This statement actually suggests to add a temporal dimension to the database. This can be done by using either temporal DBMS, or relational DBMS with additional fields indicating the interval bounds. With respect to specification versions, we may notice the following important features:
• The time is discrete; the possible values of interval bounds are standard versions, broadened with at least one specific value, that can be referenced as ’infinity’. If this value is used as a lower bound of the time interval, then this means that the entry has never been included in the standard. If it is used as an upper bound and the lower bound is not infinity, then the entry is included in all versions of the standard starting with those pointed by the lower bound of the time interval.
• When storing specification versions, one have to deal with only one kind of temporal data, called valid time, and don’t need to store transaction time. That is, we should know in which version of the standard some item appeared, but not the time when the appropriate change was made in the database.
Thus, there is no need to track transaction time, and the set of possible values for the valid time is usually limited to a rather small set of values (fortunately, the standards doesn’t introduce a new version every day). Moreover, a common life cycle of an item in the standard looks like “appeared in version A, withdrawn in version B ”. In general, situations when some item is returned back after been withdrawn are quite rare. So for most cases the database will contain only one time interval indicated by two bounds - that is, if compared to a single appearance field, we just obtain one more field for every record. Thus, this approach is much more efficient from the data size point of view than a set of separate copies of the database corresponding to particular standard versions.
IV. Developing the LSB Development Environment
Let’s now return to the LSB Development Environment and show how the ideas discussed above are used during its creation.
First, let’s note that the main purpose of the Linux Standard Base specification is to pick out those interfaces provided by the operation system that are common to all major Linux distributions. The following kinds of interfaces are taken into account:
• Binary libraries (their runtime names).
• Binary interfaces (functions and global variables) provided by libraries.
• Commands (utilities and shell builtins).
• Modules of interpreted languages.
• Kinds of sections for the ELF files.
• RPM format tags.
That is, the LSB specifies the runtime environment where the application is running, and concerns the problem of distributing the applications in a compiled form. Applications that use only interfaces included in the LSB can be executed on any LSB compliant system without recompilation or environment adjustments.
LSB 4.0 contains specifications for 57 libraries with about 40,000 binary interfaces. These numbers might look large, but not when compared to any desktop Linux distribution - usual system on one DvD disk ships several thousands of libraries and up to million of interfaces. So it’s not easy for application developers to orientate themselves in the Linux and LSB world. The developers who want to target LSB are supported with the LSB Navigator - web system that represents the LSB online, with lots of additional helpful information not included in the standard itself - and Linux Application Checker that can be used to check LSB compliance of executable files, shared objects and scripts that form the application.
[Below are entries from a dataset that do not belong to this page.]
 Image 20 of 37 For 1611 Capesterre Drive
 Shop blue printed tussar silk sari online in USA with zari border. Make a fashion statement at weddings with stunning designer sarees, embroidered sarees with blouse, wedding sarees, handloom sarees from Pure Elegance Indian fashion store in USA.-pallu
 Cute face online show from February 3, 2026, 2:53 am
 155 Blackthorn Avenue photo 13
However, these two tools are not free from the issues discussed in the beginning of this paper - consulting Navigator for every interface requires a lot of time; Application Checker can be integrated in the build process, but this will increase the build time, and in many cases the checker will just report the failure, but provide no suggestions on how to fix it. Application developers can meet some issues with obtaining LSB-compliant product when building their programs in the real systems, even if they don’t directly use non-standard interfaces. For example, the following two problems arise quite often:
• LSB doesn’t include arithmetic routines of the libgcc_s library. However, the gcc compiler forces usage of these routines if they are provided by the libgcc_s library that participates in the build process.
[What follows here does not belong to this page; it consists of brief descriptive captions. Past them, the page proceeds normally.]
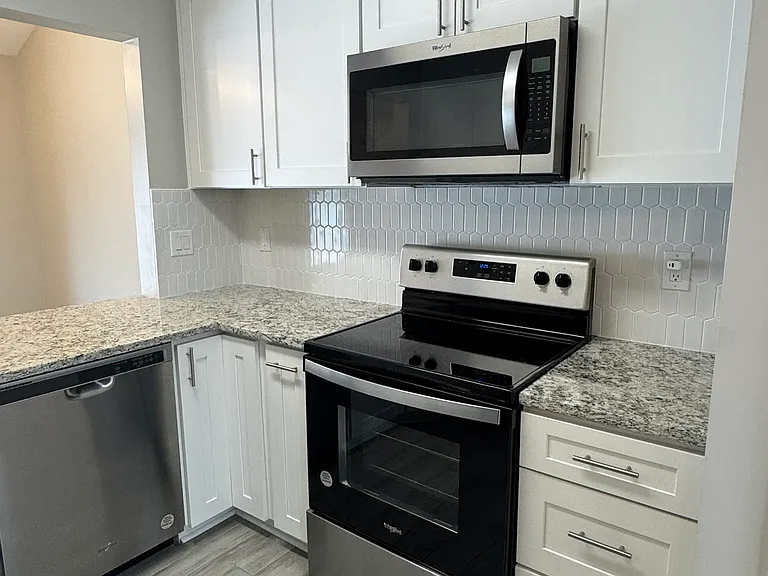 7801 Renaissance Ct — Photo 9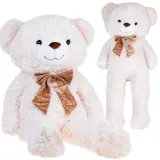 Duży miś pluszowy BEN 110 cm w jasnym kolorze na tle białej ściany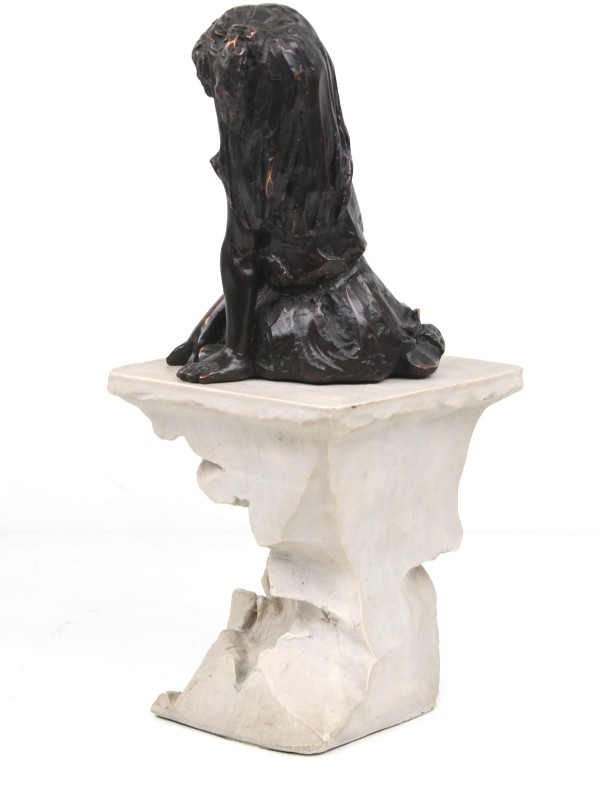 Sculptuur in brons - Meisje op sokkel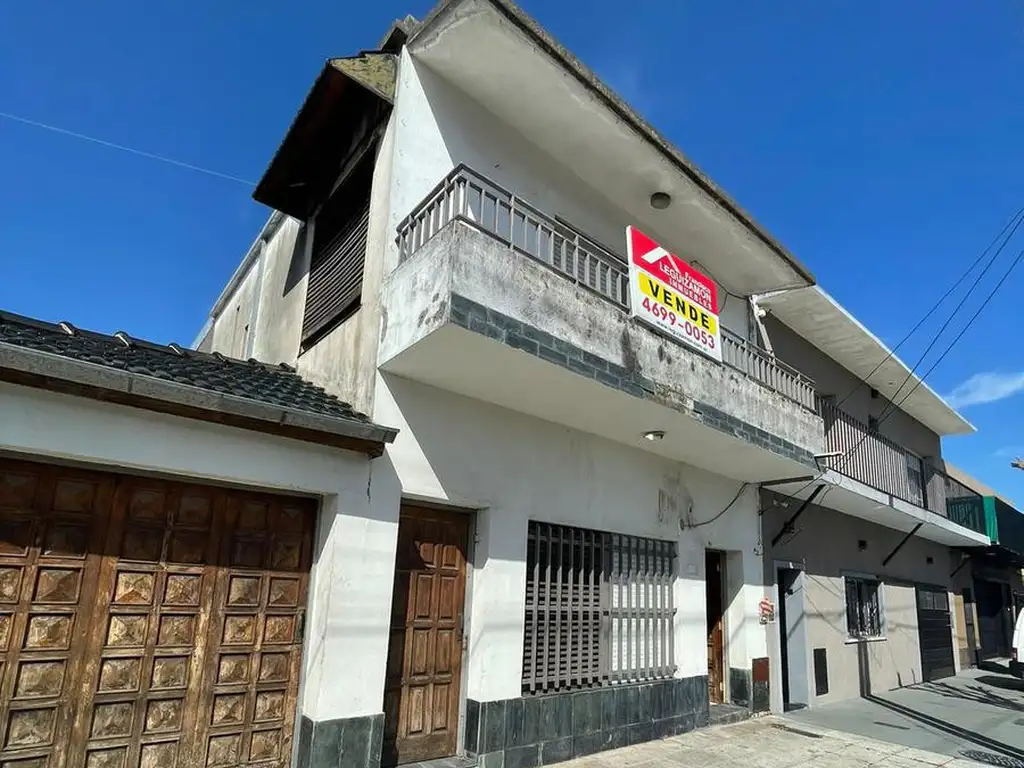 LOTE PROPIO - CASA EN DOS PLANTAS - TERRAZA - COCHERA PARA DOS AUTOS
• Default behavior of the gcc compiler on some systems leads to the usage of ELF sections that are supported only by the last generation of distributions and thus not portable and not yet included to LSB. For example, Avinesh Kumar in his blog [11] explains why binaries compiled on RHEL 5 with the default compiler options will fail to run on RHEL 4.
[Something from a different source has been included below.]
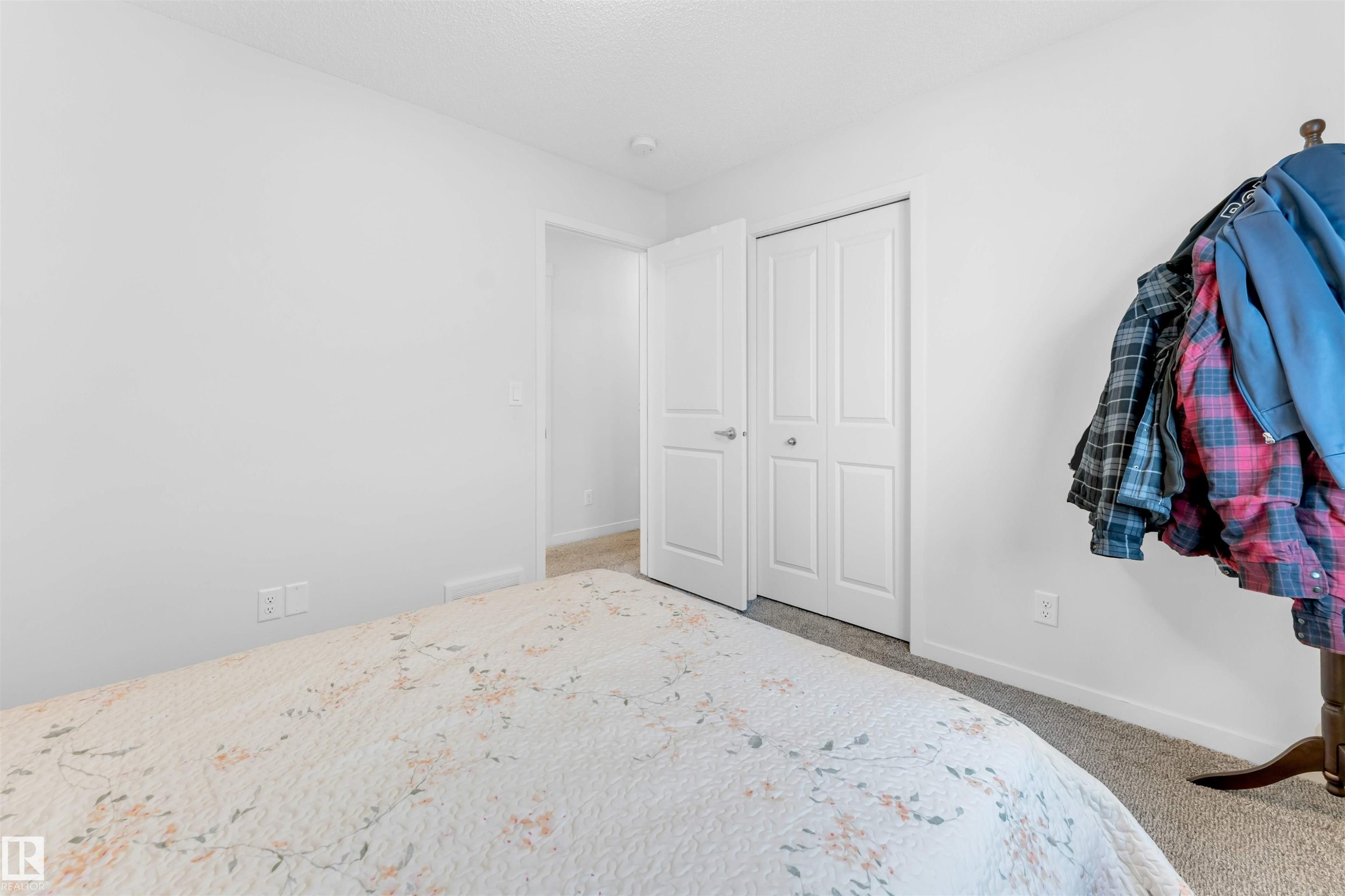 933 Mcconachie Boulevard, Edmonton, AB - Indoor Photo Showing Bedroom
Without a good knowledge of compiler operational principles, it’s not easy to find out the roots of such issues.
To save application developers from these problems, it was decided to support them with the specific build environment, whose usage in the build process will guarantee that the obtained executables are compliant with LSB. At the moment two projects exist that provide such possibility:
• LSB Sample Implementation - the whole distribution built using the rpath technology that tries to limit provided interfaces to LSB ones.
• LSB Software Development Kit - a set of tools that can
be installed in any real system and used as alternatives to the system build toolchain.
LSB Sample Implementation (LSB SI) is useful not only for building applications, but also for testing them, since it is guaranteed that implementations of its interfaces are compliant with LSB. However, since LSB SI is a distribution, it requires a separate machine to run; though it can be also used as a chroot environment, but even this variant is not very convenient for many developers. Another problem was already mentioned in the Section 2 - the development process of the SI is rather complicated and it is not guaranteed that it provides no forbidden interfaces at all.
On the opposite, LSB SDK doesn’t suffer from these issues. To understand the reason, let’s first consider the structure of this environment. It consists of the three major components:
• Stubs for libraries specified by LSB. These stubs export only those symbols that are included in the standard, but they don’t provide their implementation.
• Header files that provide API (function declarations, types, constants, etc.) for the LSB libraries. It is guaranteed that usage of this API cannot lead to incompliant application.
• Compiler wrapper - a tool that should be called instead of system compiler. This tool calls the system compiler itself, forcing it to use libraries and header files provided by the LSB SDK. The environment variables and compiler options are automatically set to eliminate possibility of obtaining incompliant applications.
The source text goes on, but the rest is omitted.